Have you ever found yourself scrolling through a seemingly endless string of log files, hopelessly searching for a clue to a problem? If so you’re not alone! In this article, we’ll be reviewing Graylog, a product that aims to solve log management issues once and for all.
What exactly can Graylog do?
Graylog is a flexible log management system that was designed to create clarity from massive amounts of logs and other data sources. If you’re a sysadmin or have been in the IT space for some time, you’ll know just how challenging it can be to find the right information from an ugly unformatted log file.
As log files and other data enter Graylog they can be sorted and visualized. As you can imagine having this level of clarity across your multiple platforms could be incredibly insightful. Industries such as MSPs, Telecom, DevOps, and FinTech can all benefit greatly from bringing data together in one cohesive manner.
As companies grow it seems like there is more and more data in increasingly more places; centralizing and making sense of it all is what Graylog was designed to do.
How does Graylog work?
For every server or log file you want to pull into Graylog, a client agent will need to be installed. Thankfully, this is a very straightforward process and has the potential to be automated via GPO or any other form of scripting. Once the agent is installed, it begins pulling log information directly back into the Graylog main server.
Once the data arrives it can be automatically visualized, stored, or broken down and analyzed manually through a number of advanced search features. We’ll touch more on the power of these advanced searches further into the review.
How does Graylog store data?
By default, Graylog stores all data in Elasticsearch, which is an open-source search engine used by researchers and analysts across the globe. Having your data accessible with Elasticsearch gives you massive flexibility over a private third-party search tool. This gives you the power to not only create your own custom search queries but leverage the free scripts and tools that the Elasticsearch project has built over the years.

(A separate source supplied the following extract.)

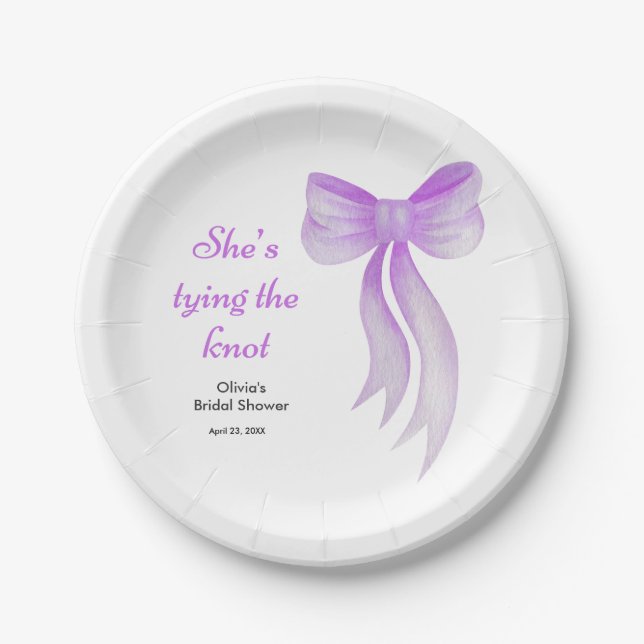 Purple Bow She's Tying the Knot Bridal Shower  Paper Plates (Front)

Closed search tools often act as black boxes with how your data is sorted. This not only restricts what you can do with your data but makes you dependent on your vendor for search solutions. With Elasticsearch, this is all transparent and customizable. Many core functions rely on Elasticsearch to work, so unfortunately there is no easy alternative to using Elasticsearch as a data search tool at this time.
Graylog currently has two main products, Graylog Open Source, and Graylog Enterprise. Let’s take a look at each product individually and see how its features compare.
Graylog Open Source
Graylog Open Source is a 100% forever-free version of Graylog that provides limited, but powerful log management functionality. For smaller DevOp teams or growing IT companies, the open-source edition of Graylog is a great way to get your data organized and in one place without ever opening up your wallet.
While most freemium software has huge holes where features should be, Graylog seems to almost take the opposite approach. At the free level you’ll be able to process up to 5GBs of data per day, and still access many of the features that actually matter, such as alerts, API access, and LDAP integration. One of the best parts of open source Graylog is that your data isn’t locked into a platform. Some free log management tools make it easy to get data in, but then difficult to migrate out.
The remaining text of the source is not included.